Containers

Deploy Longhorn Distributed Storage on Kubernetes (Proxmox)

Stateful workloads on Kubernetes need persistent storage that survives node failure, scales horizontally, and gets out of the way during routine maintenance. The cloud answers this with managed disks (EBS, Persistent Disk, Azure Disk). On bare metal and Proxmox, the answer is a CNCF storage project you run yourself. Longhorn is the lightest of the production-grade options: a DaemonSet, a control-plane deployment, a CSI driver, and a small UI. No Ceph cluster to operate, no separate hardware, no specialised expertise.

Original content from computingforgeeks.com - post 167286

This guide deploys Longhorn 1.11 on a 4-node Kubernetes 1.34 cluster running on Proxmox VMs, provisions a real PostgreSQL StatefulSet against it, watches three replicas spread across three workers, and demonstrates the failover behaviour that makes Longhorn worth running. Every output below is captured from the test cluster.

Tested April 2026 on Kubernetes 1.34.7 (kubeadm), Longhorn 1.11.1, Ubuntu 24.04 workers on Proxmox VE 8 with local-lvm storage, Cilium 1.19.3 as the CNI.

What Longhorn actually is

Longhorn ships three things into your cluster. The longhorn-manager DaemonSet runs one pod per node and owns volume creation, scheduling, and replica placement. The longhorn-engine is the per-volume data plane: when a workload writes to a Longhorn PVC, the workload’s host runs an engine process that fans the write out to N replica processes (one per replica node) before acknowledging. The CSI plugin glues all of this to the Kubernetes Storage interface so PVCs work like any other StorageClass.

Two design choices matter for operators. First, Longhorn replicates synchronously at the block layer. Every write to a 3-replica volume waits for all three replicas to ack before returning success; that gives strict consistency at the cost of write latency proportional to your slowest replica node. Second, Longhorn uses local node disks (any path you point it at) rather than a dedicated storage network. There is no separate storage tier, which is what makes it simple, but it also means storage capacity scales linearly with the number of worker nodes you add.

Compared to alternatives:

  • Ceph (Rook): more powerful, far more complex. Ceph wins on multi-PB scale, RBD performance, and feature breadth (object, file, block in one cluster). It loses on operator overhead. If your cluster is <500TB and your team does not have Ceph expertise, Longhorn wins on time-to-production.
  • OpenEBS: similar shape, more storage engine choices. Useful when you want LVM-backed local volumes or NVMe-direct paths. Longhorn wins on UI maturity and backup/snapshot ergonomics.
  • NFS provisioner: dead simple, but a single NFS server is a SPOF. Useful for non-critical RWX workloads, not a replacement for Longhorn’s replicated block storage.
  • hostPath / local volumes: zero infrastructure overhead, no replication. Workload pinned to a node, fails when the node dies. Acceptable for caches, never for databases.

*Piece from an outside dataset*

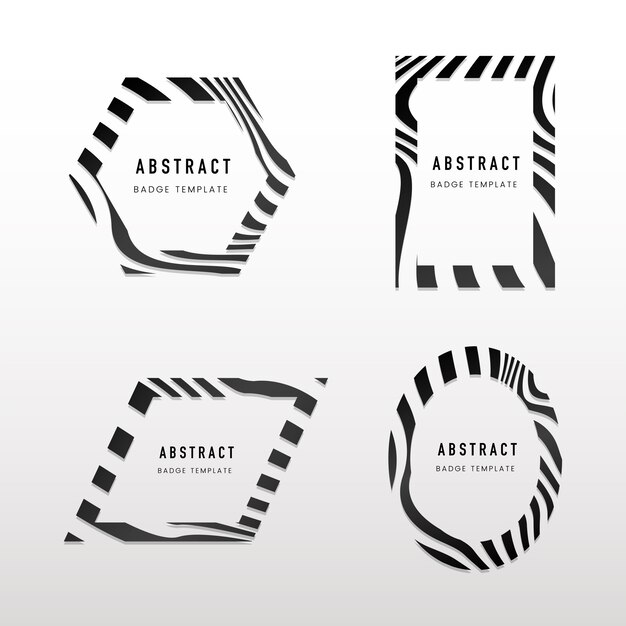 Colección de vectores de distintivo abstracto blanco y negro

Step 1: Set reusable shell variables

Three values repeat through the guide. Export them once and the rest of the commands paste as-is:

export LH_VERSION="1.11.1" #https://github.com/longhorn/charts/releases
export LH_NS="longhorn-system"
export DEMO_NS="longhorn-test"
export LH_UI_IP="10.0.1.205"   # any free MetalLB IP

The UI IP comes from a free LoadBalancer pool address. The MetalLB on Kubernetes guide covers IP pool setup; on managed clusters the cloud LoadBalancer assigns one for you.

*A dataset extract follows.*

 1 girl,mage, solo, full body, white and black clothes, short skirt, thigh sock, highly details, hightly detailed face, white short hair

Step 2: Install the Longhorn prerequisites on every worker

Longhorn talks to local disks via iSCSI (the legacy v1 engine, which is what 1.11 ships by default). Every worker node needs open-iscsi installed and the iscsid service running. On Ubuntu/Debian:

sudo apt-get install -y open-iscsi nfs-common
sudo systemctl enable --now iscsid

Run that on every worker before installing Longhorn, not after. If you forget a node, Longhorn schedules pods there, the manager attaches a replica, and then the kubelet errors with iscsid: not found at PVC mount time. The error message is unmistakable but the recovery requires draining the node and reinstalling, so do it up front.

For RHEL-family workers (Rocky 10, AlmaLinux 10):

sudo dnf install -y iscsi-initiator-utils nfs-utils
sudo systemctl enable --now iscsid

Longhorn’s longhornctl check preflight command also runs the prerequisite check from the workstation; useful in CI before applying the Helm chart.

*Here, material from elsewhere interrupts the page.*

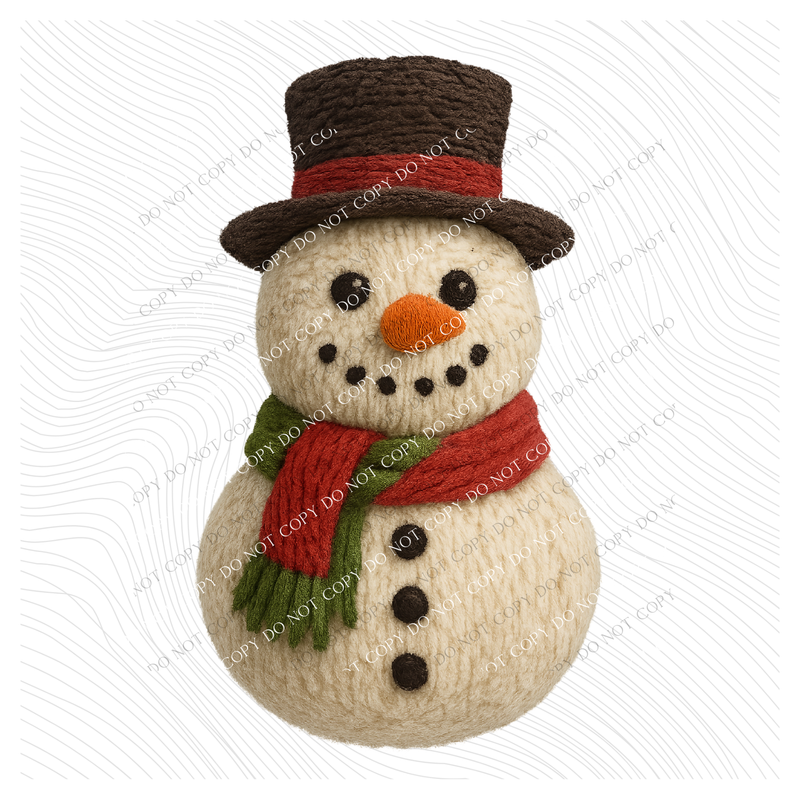 Snowman in 3D Yarn Style Digital Download, PNG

Step 3: Install Longhorn via Helm

The official Helm chart is the canonical install path. Pin the chart version to the Longhorn release you want; --version on the chart matches the Longhorn app version line for line:

helm repo add longhorn https://charts.longhorn.io
helm repo update
helm install longhorn longhorn/longhorn --version ${LH_VERSION} \
  --create-namespace -n ${LH_NS} \
  --set defaultSettings.defaultReplicaCount=3 \
  --set defaultSettings.defaultDataPath=/var/lib/longhorn

Three settings matter at install time:

  • defaultReplicaCount=3: every new volume gets 3 replicas spread across 3 different nodes. Below 3 you lose write quorum; above 3 you waste capacity. 3 is the right floor.
  • defaultDataPath=/var/lib/longhorn: where Longhorn stores replica data on each worker. On Proxmox, give every worker an extra LVM-backed disk mounted at /var/lib/longhorn; Longhorn fills the path and ignores the rest of the root filesystem.
  • storageOverProvisioningPercentage (default 100): the percentage of physical disk Longhorn allows itself to allocate. The default keeps 1:1 between requested and physical, which is conservative but predictable.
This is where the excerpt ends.